TE — Mike Gesicki, Penn State, Jr.
This is pretty much a dead heat between Gesicki and Michigan’s Jake Butt. Both have 23 catches. Butt has one more touchdown (3-2) and is probably a better blocker, but Gesicki has one of the best catches in the Big Ten this season.
WR — R.J. Shelton, Michigan State, Sr.
It’s been a wild half-season for Shelton, who has a total of 6 catches against Furman, BYU and Wisconsin but has looked like an All-America candidate against Notre Dame, Indiana and Northwestern. He has 22 catches for 411 yards and 4 scores in those three games.
WR — Ricky Jones, Indiana, Sr.
Jones caught 3 passes in the first two games, but he’s looked more like an all-conference player in the four games since. His 466 receiving yards are second in the conference and he’s averaging 112 per contest since his slow start.
WR/RB — Curtis Samuel, Ohio State, Jr.
While J.T. Barrett has garnered the most recognition for postseason awards, particularly the Heisman Trophy, Samuel might be just as strong a candidate. Samuel is tied for fifth in the Big Ten in receptions, sixth in receiving yards and 10th in rushing yards per game despite only 62 carries.
RB — Saquon Barkley, Penn State, So.
Penn State’s offensive line has been better this season, but opposing teams have loaded up to corral Barkley. Yet he still had 5 touchdowns against Pitt and 136 total yards against Michigan before reeling off 202 yards on the ground against Maryland. He’s averaging a little more than 120 yards from scrimmage per game, has 9 total touchdowns and might be one of Penn State’s two or three best blockers in pass protection.

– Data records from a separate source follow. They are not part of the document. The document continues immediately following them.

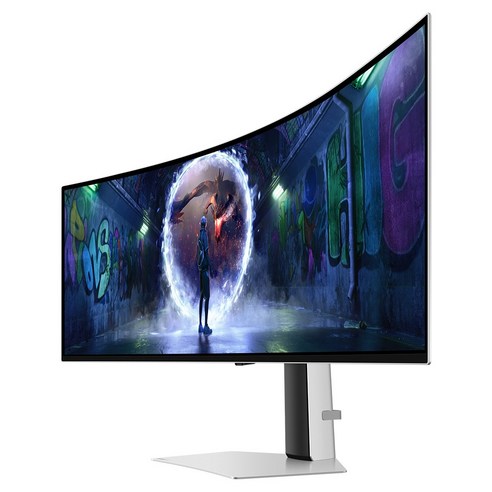 압도적인 몰입감과 생생한 현실감, 오디세이 OLED G9으로 경험하세요
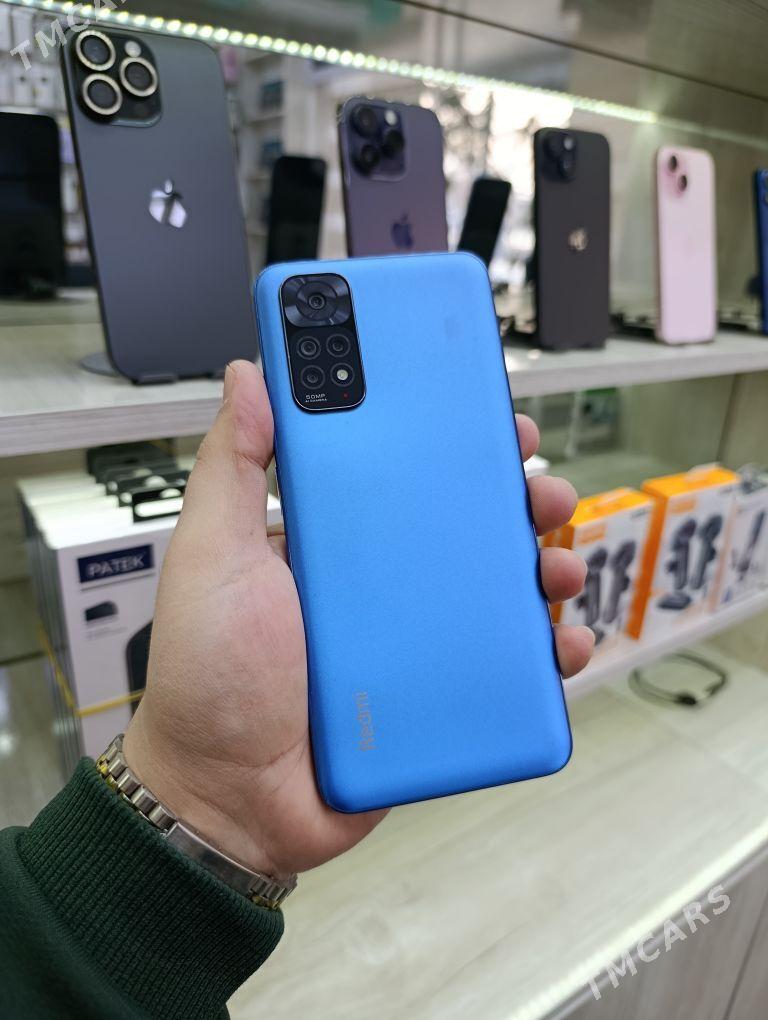 Redmi Note 11 4/128 - Ашхабад - img 1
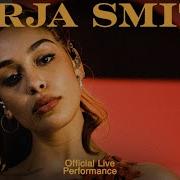 Jorja Smith Burn Live Vevo Official Live Performance Jorja Smith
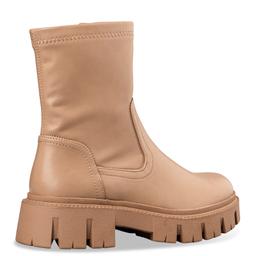 Envie Shoes - CHUNKY BOOTIES - E10-20455-36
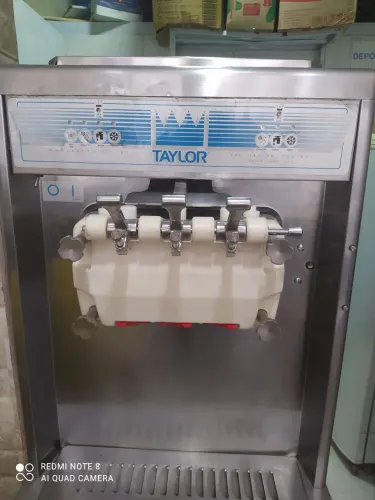 Máquina de sorvete expresso Taylor 336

RB — Mike Weber, Ohio State, Fr.
One of two running backs in the Big Ten averaging more than 100 rushing yards per game, Weber has emerged as the latest star from the Ohio State assembly line of talented running backs. The freshman has three 100-yard games in his first six starts. That’s one more than Ezekiel Elliott or Carlos Hyde had in their first six games as the feature back.
QB — J.T. Barrett, Ohio State, Jr.
Even when Barrett scuffled throwing the ball against Indiana and at times against Wisconsin, he helped keep the Buckeyes rolling with his running ability. He leads the conference in completion percentage (63.2 percent), touchdown passes (16) and rushing yards by a non-running back (434).